Assigned task. Please restate exactly the lines from the one holding "klik klak haarspeldjes" to the end of the material, including both ends and excluding every picture.

Input data.
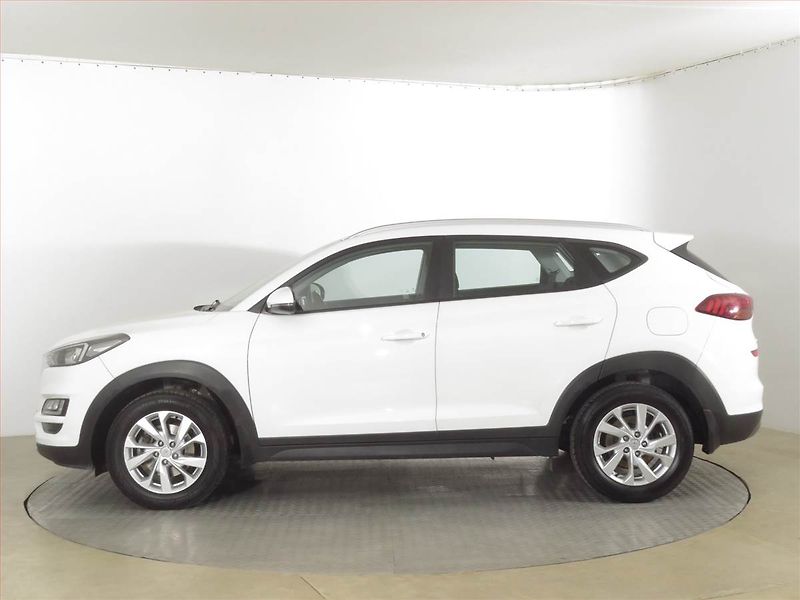Hyundai Tucson (2019) 1.6 T-GDI, Serv.kniha - fotka 3 z 17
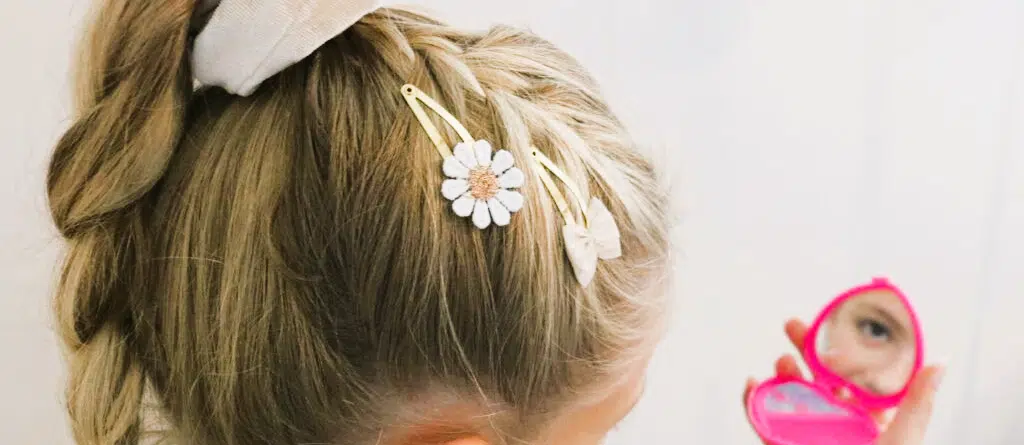 klik klak haarspeldjes met wit gouden bloem en met roze strikje.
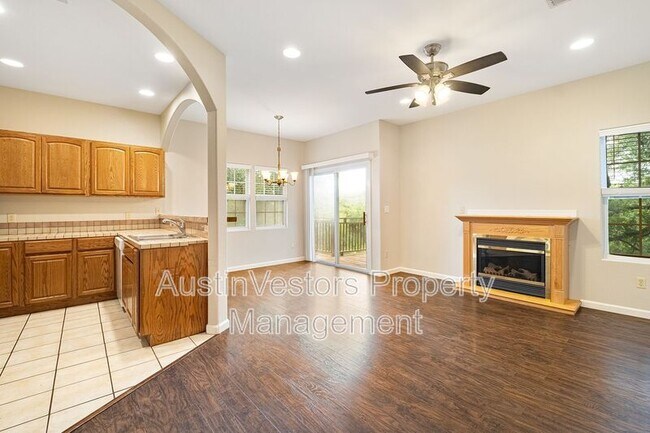 Building Photo - 1005 Canyon Edge Dr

Answer to the problem.
 klik klak haarspeldjes met wit gouden bloem en met roze strikje.
 Building Photo - 1005 Canyon Edge Dr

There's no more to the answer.